Musical staff

Exclaim Staff Pick! for August 8, 2022: ELIO, Channel Tres, the Zolas

Photos (clockwise from top left): Channel Tres by Leeay, the Zolas by Conor Cunningham, Rachel Bobbitt by Paige Paton, ELIO by Becca Hamel

Posted on August 08, 2022

No animals were harmed in the making of this week’s Staff Picks batch, but read on to find out how cute a punk rock goat and a “spacey” cat are. If this precious pair isn’t enough to multiply your intrigue, we have other pairings among us, including two Rachels to remember, a couple from Exclaim! New old faves and a double single – one of our favorite oxymorons!

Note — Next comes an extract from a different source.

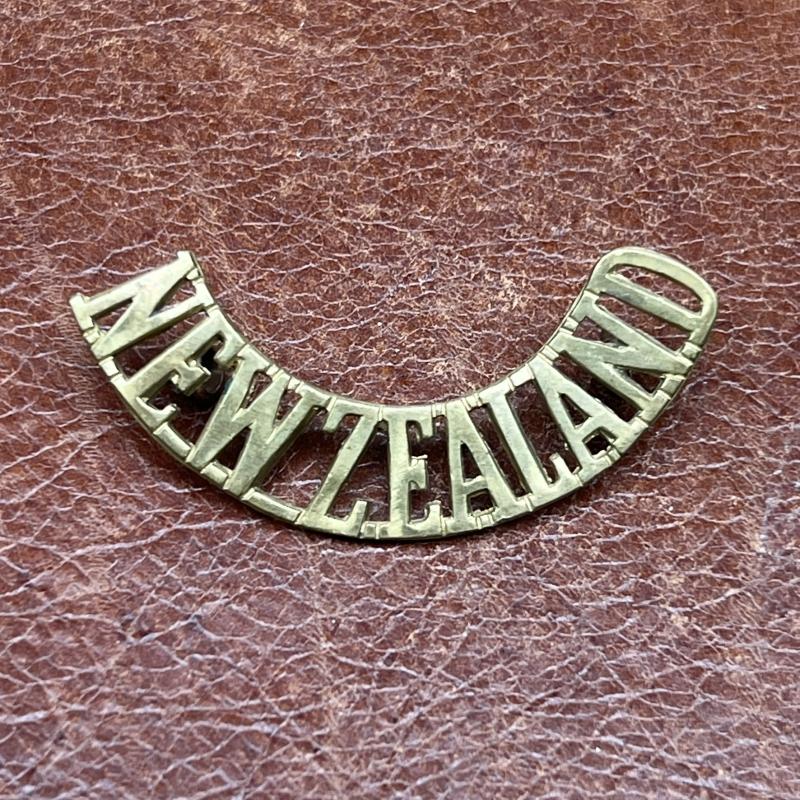 New Zealand Curved Brass Shoulder Title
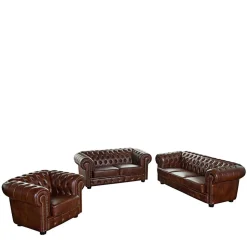 Braune Polstergarnitur aus Echtleder - Pluna (dreiteilig)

Don’t forget to check out our album reviews section for more on the latest and greatest music releases.

Rachel Bobbitt
The ceiling could collapse
(Fantasy / Concorde)


Sure, the ceiling might crumble, but if it does, we’ll at least listen to the soulful folk rock songs of this Nova Scotia-raised Toronto songwriter. Chorale-style harmonies and elegiac strings create an elegant, baroque atmosphere that is occasionally sliced ​​by electric guitar courtesy of Justice Der.
Alex Hudson

Doll Spirit Vessel
“Something Small”
(Disposable America)


Doll Spirit Vessel’s “Something Small” begins as, well, something small: Kati Malison’s vocals settle heavily over a faceless beat and some sleepy-eyed guitar tendrils, evoking so many innocuous indie tracks. – insomniac pop. It’s when the collapsing puzzle of a chorus arrives that the magic of the Philly trio really comes to light. Understated yet complex, quiet with something louder stirring just below the surface, “Something Small” is much bigger than it first appears.
Kaelen Bell

ELIO
ELIO’S HELL
(Independent)


The title of Charli XCX’s protege may be an overwhelming scarlet A, but ELIO is in full control of his own brush as he descends through the nine circles of hell. ELIO’S HELL sees the futurist’s confident take on Toronto pop (“Brain’s like Aristotle/Face like Harry Styles”) at its most cohesive, largely eschewing the dreamier ballad of Can you hear me now? notable “@elio.irl” for embracing a compressed dance-pop bent. She inflects her voice with fluidity for anguished, child-terrible kisses (“9 Lives,” “Godly Behaviour”) and breathless sugar rushes (“SUPERPOSE,” “Vitamins”), even managing to cleverly crop his struggles with anxiety (“I LOVE MY BRAIN!”, “On my chest”).
Megan LaPierre

Rachel Hickey
So long
(Independent)


After debuting in 2021 Cope, the second EP from Kitchener-Waterloo singer-songwriter Rachel Hickey leaves nothing unwritten. With guest appearances from Toronto’s Marshall Veroni and Barrie’s Jessie Gosling and Jessica Spurrell, the Collegiate A Cappella champion’s smooth, moonlight-infused voice radiates luminescence from the center of each track’s melancholy mood. over a pared-back palette of brushed percussion, acoustic guitar and shimmering piano.
Megan LaPierre

Canal Tres
“Can’t Get Enough”
(GOD MODE)


It’s no secret that the house revival (no pun intended) is here. Though effortless, the resurgence of the genre has been engulfing us for a hot minute. After recording many of my days in the throes of the pandemic, Channel Tres might finally seize its mainstream moment with “Just Can’t Get Enough.” A stellar sample of Teddy Pendergrass’ “The More I Get, The More I Want” and Tres’ deadpan yet sultry vocals make for an endlessly groovy track that just won’t stop.
Sydney Brazil

Rot
hissing
(Earache)


​Do you remember Biquette, the “punk rock goat” who was photographed in the front row during a Wormrot show organized in France? She clearly made a lasting impression on the Singaporean band, who firmly established themselves as the GOATs of grindcore on a furious fourth studio album. hissing, an effort of unbridled wickedness running through each of its musical twists. A standout performance by vocalist and co-founder Arif Suhaimi sadly also marks his last with the trio.
Calum Slingerland

The Zolas
“Craigslist Killer”https://exclaim.ca/”My Limits”
(organ of light)



Last years reborn was a career high for the longtime Vancouver indie rock band (and one of Exclaim!’s Top 50 Albums of 2021), so they wisely returned to those sessions to dig up these stellar snippets, which reveal new layers of the album’s electro-Britpop sound. Read our Questionnaire interview with leader Zach Gray.